Only the pictures should be dropped; copy the rest of the entries exactly.

(Web page caption snippets)
<<<<
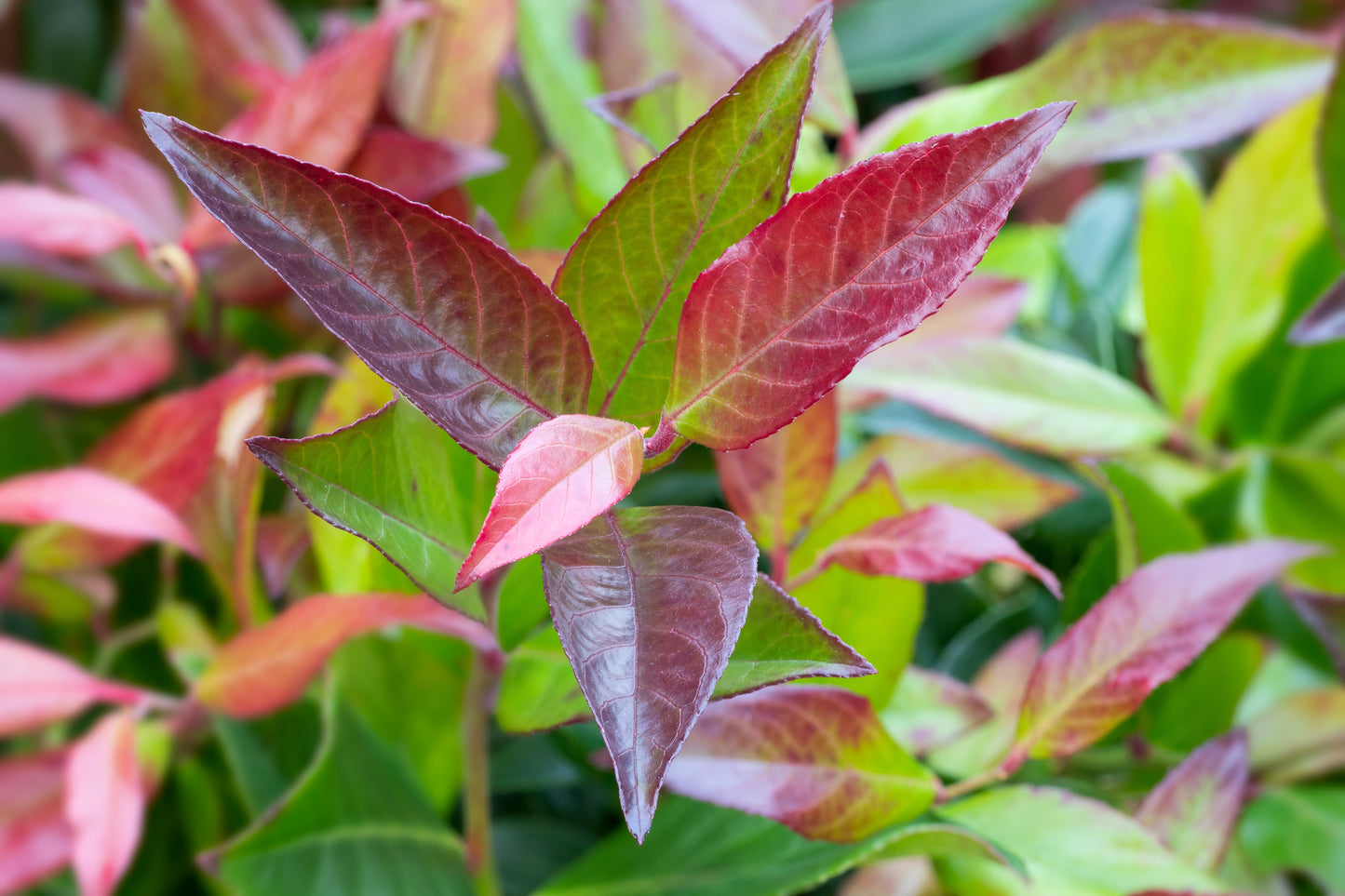 Leucothoe 'Zeblid' (Druifheide)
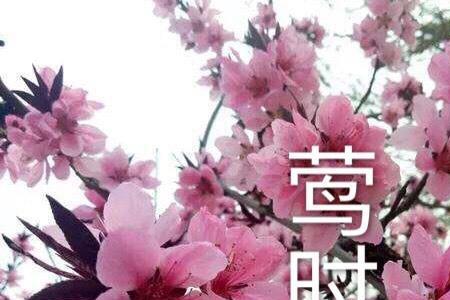 十一月古文别称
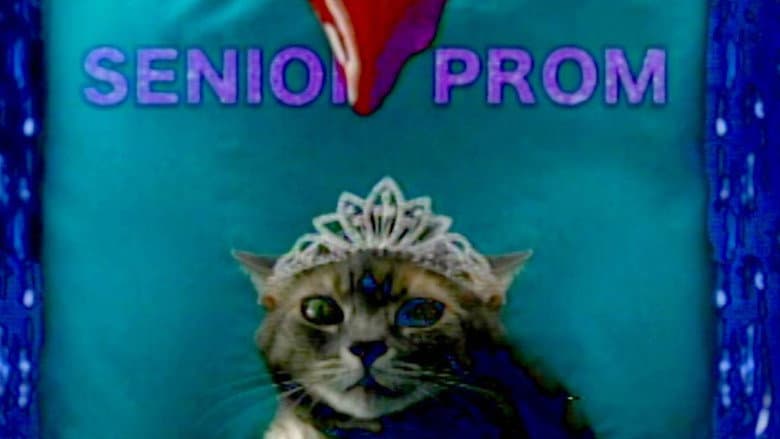 Backdrop from She's Allergic to Cats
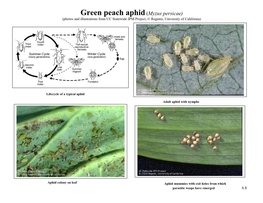 Green Peach Aphid (Myzus Persicae) (Photos and Illustrations from UC Statewide IPM Project, © Regents, University of California)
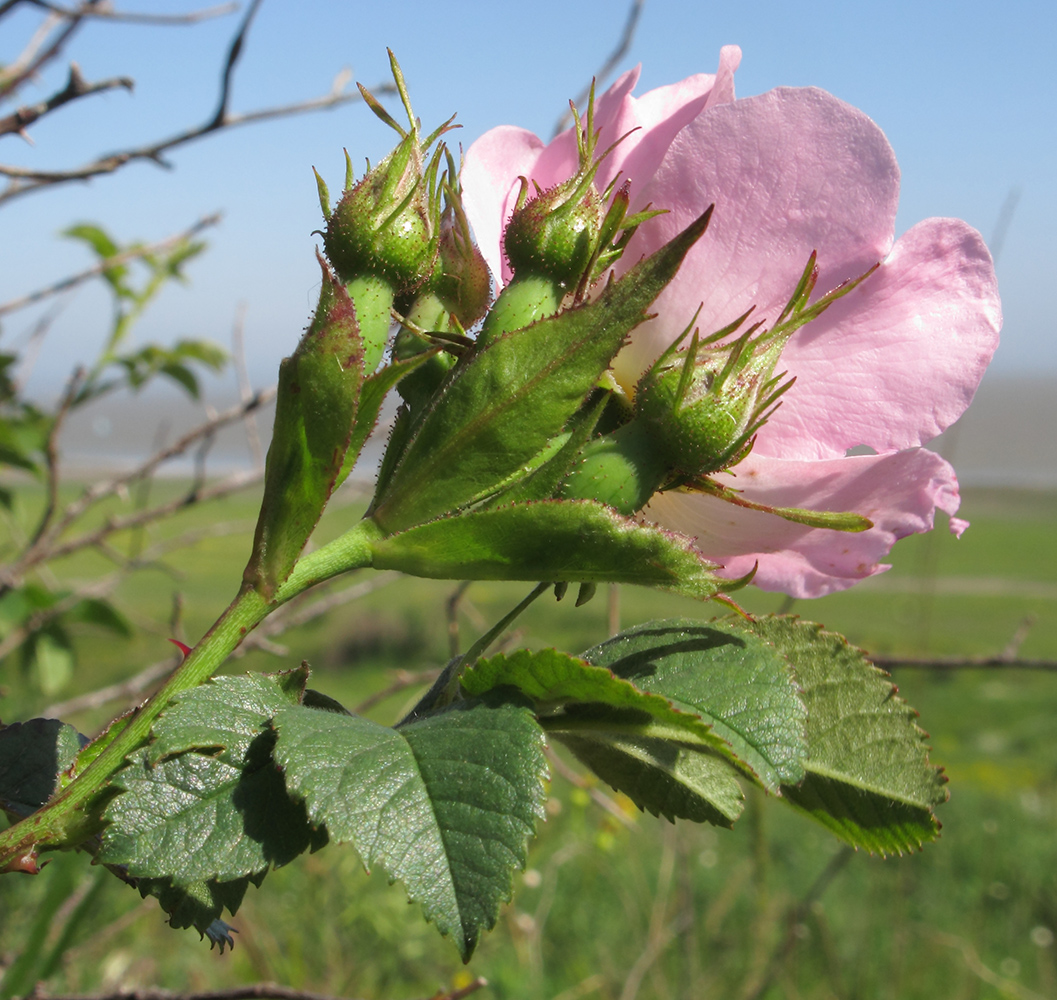 Image of genus Rosa specimen.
>>>>
» **Answer for this exercise**
 Leucothoe 'Zeblid' (Druifheide)
 十一月古文别称
 Backdrop from She's Allergic to Cats
 Green Peach Aphid (Myzus Persicae) (Photos and Illustrations from UC Statewide IPM Project, © Regents, University of California)
 Image of genus Rosa specimen.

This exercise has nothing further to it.